A Quick-Fire Guide to Shotgun Sequencing (and Assembly)
“Making the simple complicated is commonplace; making the complicated simple, awesomely simple, that’s creativity.”
– Charles Mingus
Next Generation Sequencing (NGS) technology has boomed in recent years, allowing researchers to probe further into the workings of the genome. According to the theory of simplicity, it is the simple principles on its basis that make the technology modular, and therefore scalable. A hub for innovation.
But what exactly is NGS and how can it help your research? In these next few articles we will be discussing what NGS is, the different techniques out there and how it can help you in your own research. In this one we will cover the basics of genome sequencing.
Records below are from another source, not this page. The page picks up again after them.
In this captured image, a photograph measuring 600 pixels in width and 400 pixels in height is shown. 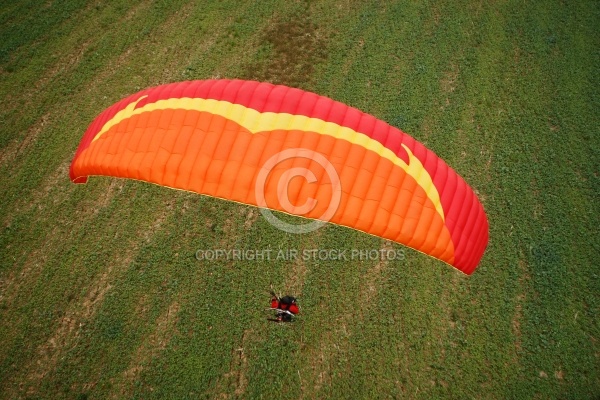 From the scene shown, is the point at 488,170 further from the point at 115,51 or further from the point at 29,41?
the point at 29,41

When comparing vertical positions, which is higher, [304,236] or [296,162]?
[296,162]

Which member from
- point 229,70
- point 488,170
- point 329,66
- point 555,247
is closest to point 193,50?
point 229,70

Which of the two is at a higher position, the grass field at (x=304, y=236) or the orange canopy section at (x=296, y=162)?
the orange canopy section at (x=296, y=162)

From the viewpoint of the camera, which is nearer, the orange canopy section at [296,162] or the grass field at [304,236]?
the orange canopy section at [296,162]

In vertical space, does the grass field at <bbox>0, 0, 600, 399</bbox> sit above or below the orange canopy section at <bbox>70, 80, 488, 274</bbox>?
below

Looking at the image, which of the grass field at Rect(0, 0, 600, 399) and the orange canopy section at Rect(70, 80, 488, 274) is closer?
the orange canopy section at Rect(70, 80, 488, 274) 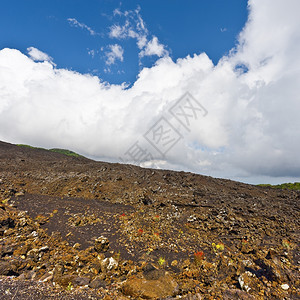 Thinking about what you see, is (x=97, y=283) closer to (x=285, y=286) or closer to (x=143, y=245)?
(x=143, y=245)

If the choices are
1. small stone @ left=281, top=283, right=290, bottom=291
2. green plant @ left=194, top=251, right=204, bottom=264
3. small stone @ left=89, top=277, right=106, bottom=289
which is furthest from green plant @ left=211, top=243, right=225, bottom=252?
small stone @ left=89, top=277, right=106, bottom=289

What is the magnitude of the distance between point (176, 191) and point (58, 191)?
1197 cm

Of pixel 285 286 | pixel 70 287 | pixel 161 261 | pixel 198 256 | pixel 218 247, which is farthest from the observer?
pixel 218 247

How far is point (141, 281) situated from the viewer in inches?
234

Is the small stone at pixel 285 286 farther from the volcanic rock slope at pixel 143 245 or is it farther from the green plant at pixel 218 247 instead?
the green plant at pixel 218 247

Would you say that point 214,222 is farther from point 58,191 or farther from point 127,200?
point 58,191

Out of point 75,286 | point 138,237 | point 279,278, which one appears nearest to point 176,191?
point 138,237

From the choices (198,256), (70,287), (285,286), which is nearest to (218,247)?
(198,256)

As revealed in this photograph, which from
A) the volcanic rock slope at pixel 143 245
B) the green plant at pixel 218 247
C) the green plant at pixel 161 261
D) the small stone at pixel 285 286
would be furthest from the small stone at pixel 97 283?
the small stone at pixel 285 286

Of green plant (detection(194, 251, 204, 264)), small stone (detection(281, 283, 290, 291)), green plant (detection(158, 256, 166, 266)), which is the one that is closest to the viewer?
small stone (detection(281, 283, 290, 291))

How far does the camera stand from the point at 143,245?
9.10 m

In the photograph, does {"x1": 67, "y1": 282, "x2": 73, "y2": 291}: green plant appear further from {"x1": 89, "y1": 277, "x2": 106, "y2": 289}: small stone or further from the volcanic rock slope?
{"x1": 89, "y1": 277, "x2": 106, "y2": 289}: small stone

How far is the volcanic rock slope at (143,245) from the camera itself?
5840 millimetres

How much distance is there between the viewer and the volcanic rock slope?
584 cm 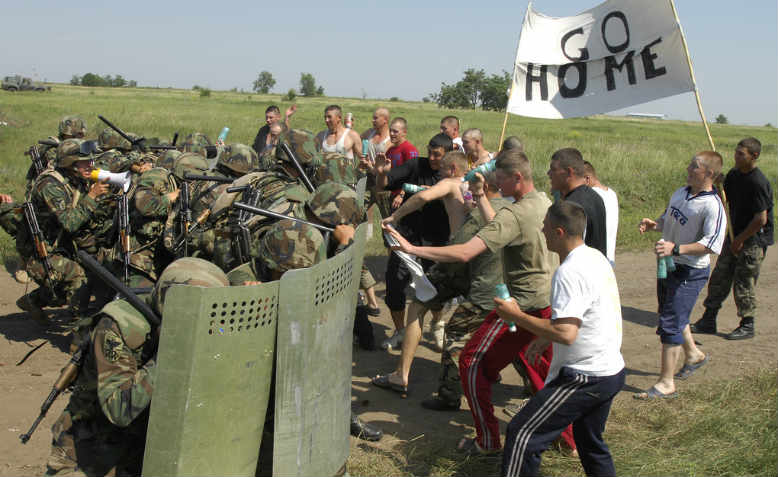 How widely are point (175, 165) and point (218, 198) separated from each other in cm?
137

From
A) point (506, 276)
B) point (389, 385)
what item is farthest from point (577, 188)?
point (389, 385)

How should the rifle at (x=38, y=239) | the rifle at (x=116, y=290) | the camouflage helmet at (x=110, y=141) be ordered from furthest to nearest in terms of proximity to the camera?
the camouflage helmet at (x=110, y=141) < the rifle at (x=38, y=239) < the rifle at (x=116, y=290)

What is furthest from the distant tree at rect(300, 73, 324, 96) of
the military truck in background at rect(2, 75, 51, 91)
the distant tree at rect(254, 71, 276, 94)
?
the military truck in background at rect(2, 75, 51, 91)

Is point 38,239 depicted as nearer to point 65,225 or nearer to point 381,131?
point 65,225

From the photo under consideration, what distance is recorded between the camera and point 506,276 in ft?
15.7

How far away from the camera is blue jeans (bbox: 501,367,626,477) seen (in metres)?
3.50

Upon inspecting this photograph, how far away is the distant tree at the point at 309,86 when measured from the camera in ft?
331

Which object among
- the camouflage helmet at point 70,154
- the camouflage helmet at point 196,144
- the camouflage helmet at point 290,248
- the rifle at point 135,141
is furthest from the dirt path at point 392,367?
the camouflage helmet at point 196,144

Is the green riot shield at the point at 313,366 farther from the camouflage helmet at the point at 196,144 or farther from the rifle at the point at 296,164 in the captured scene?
the camouflage helmet at the point at 196,144

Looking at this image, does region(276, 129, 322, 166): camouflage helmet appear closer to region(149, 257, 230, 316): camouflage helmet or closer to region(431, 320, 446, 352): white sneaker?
region(431, 320, 446, 352): white sneaker

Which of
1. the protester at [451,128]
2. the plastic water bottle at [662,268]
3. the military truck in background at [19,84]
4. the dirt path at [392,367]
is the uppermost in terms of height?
the military truck in background at [19,84]

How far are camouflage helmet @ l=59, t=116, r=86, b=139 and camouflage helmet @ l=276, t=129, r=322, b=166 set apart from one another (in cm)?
342

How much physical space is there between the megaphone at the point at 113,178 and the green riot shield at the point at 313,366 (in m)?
3.55

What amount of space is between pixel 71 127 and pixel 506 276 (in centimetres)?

In its most basic definition, NGS (also known as DNA-seq) allows the determination of the base sequence on a DNA sample. In shot-gun sequencing DNA must be first broken up in small pieces, usually around 500–1000 bases long – a process called fragmentation, before being sequenced. Once sequenced these fragments have to then be assembled.
If the sample at hand consists of the never before sequenced genome of a new species, then we refer to the process as a de novo DNA sequencing experiment. If the goal, on the other hand, is to only detect changes in a previously sequenced genome (for example the causative mutations in people with a hereditary disease), the application is called whole genome re-sequencing.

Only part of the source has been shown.